■ **TASK TO CARRY OUT**
Pictures in the material below are to be left out, and only the lines from the line with "A brown men's" up to and including the line with "Mature female doctor" are to be written out exactly.

■ **INPUT MATERIAL**
=== Section Start ===

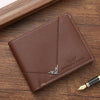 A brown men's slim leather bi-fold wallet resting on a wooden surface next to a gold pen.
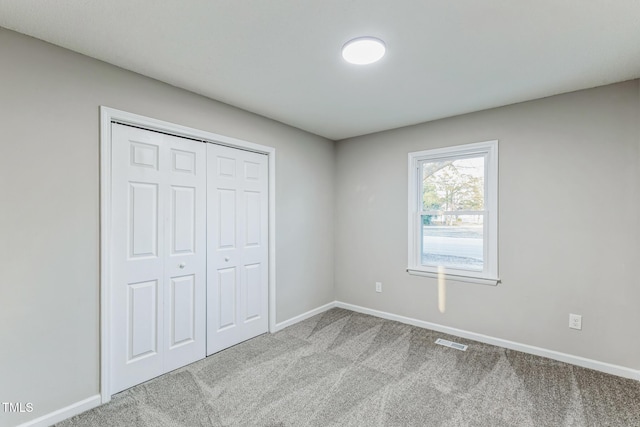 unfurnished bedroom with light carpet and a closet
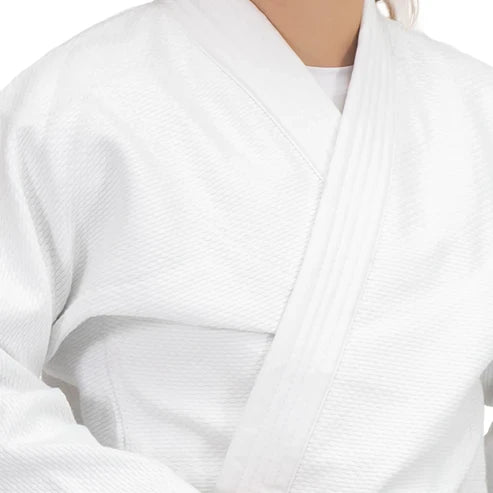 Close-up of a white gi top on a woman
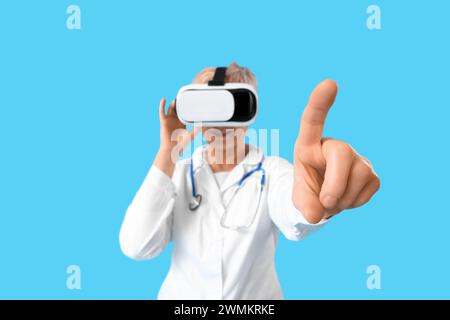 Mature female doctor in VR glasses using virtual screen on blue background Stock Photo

=== Section End ===
=== Section Start ===

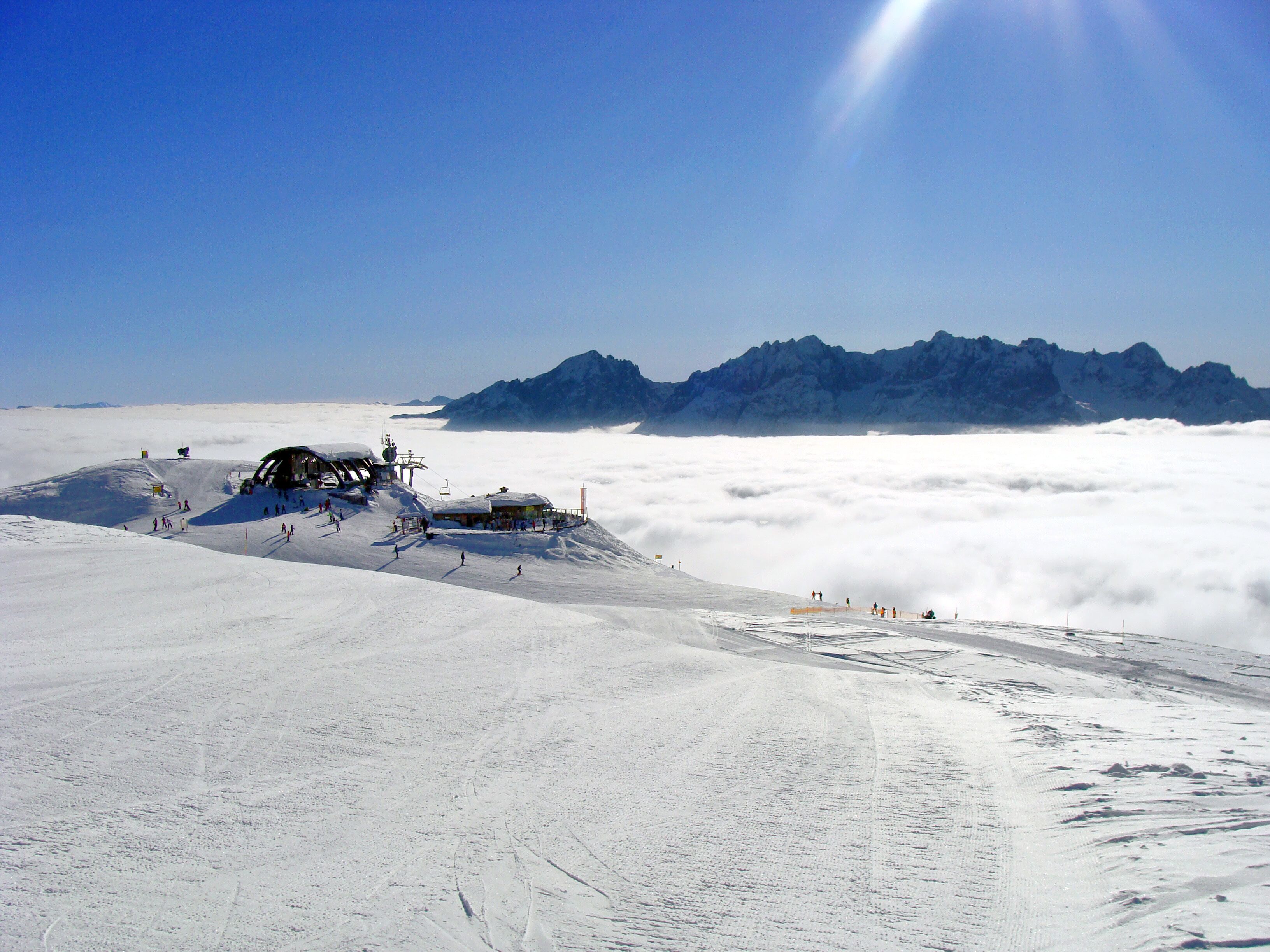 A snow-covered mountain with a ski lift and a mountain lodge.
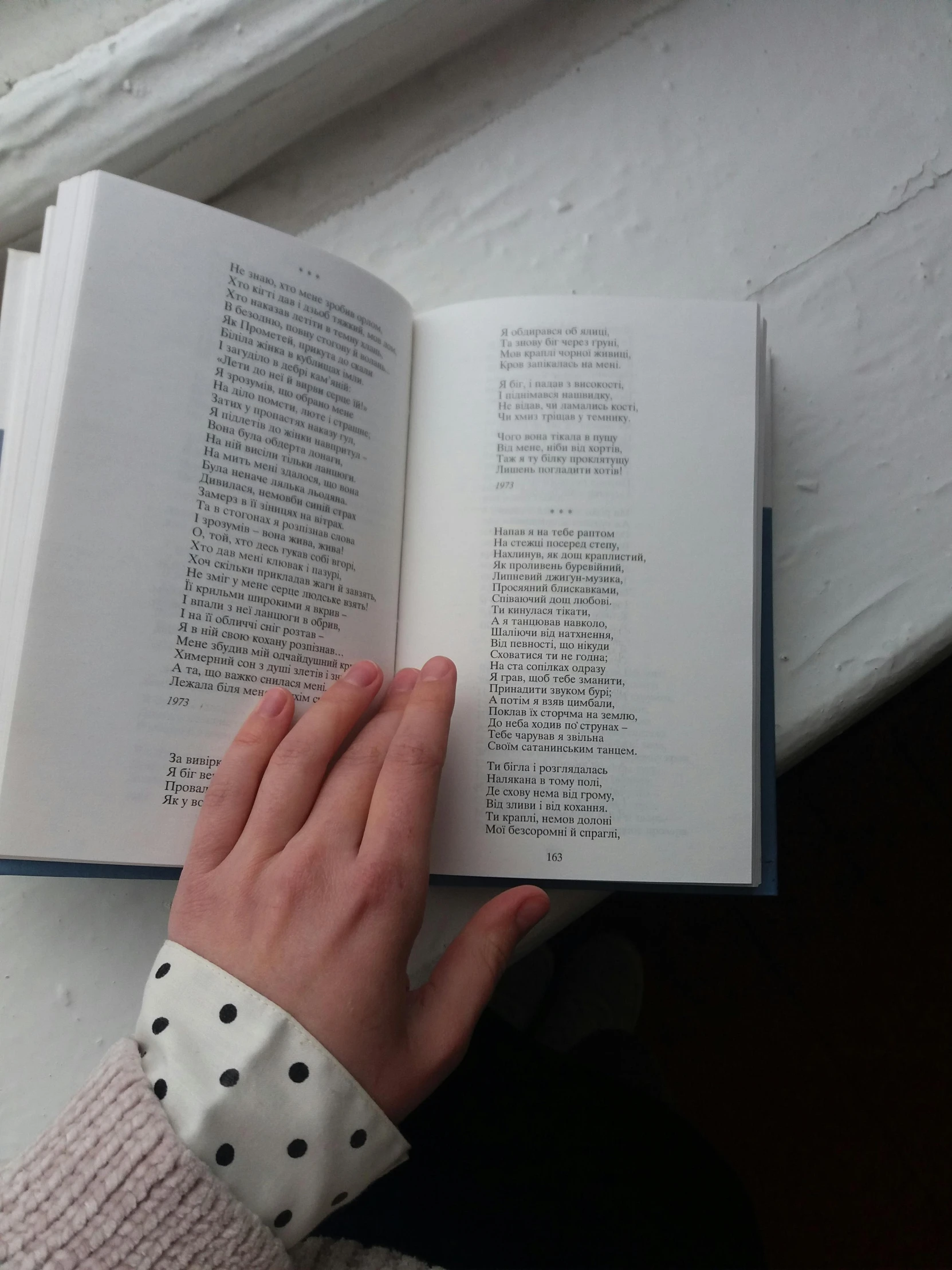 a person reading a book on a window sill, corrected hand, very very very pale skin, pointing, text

=== Section End ===

■ **TASK RESPONSE**
 A brown men's slim leather bi-fold wallet resting on a wooden surface next to a gold pen.
 unfurnished bedroom with light carpet and a closet
 Close-up of a white gi top on a woman
 Mature female doctor in VR glasses using virtual screen on blue background Stock Photo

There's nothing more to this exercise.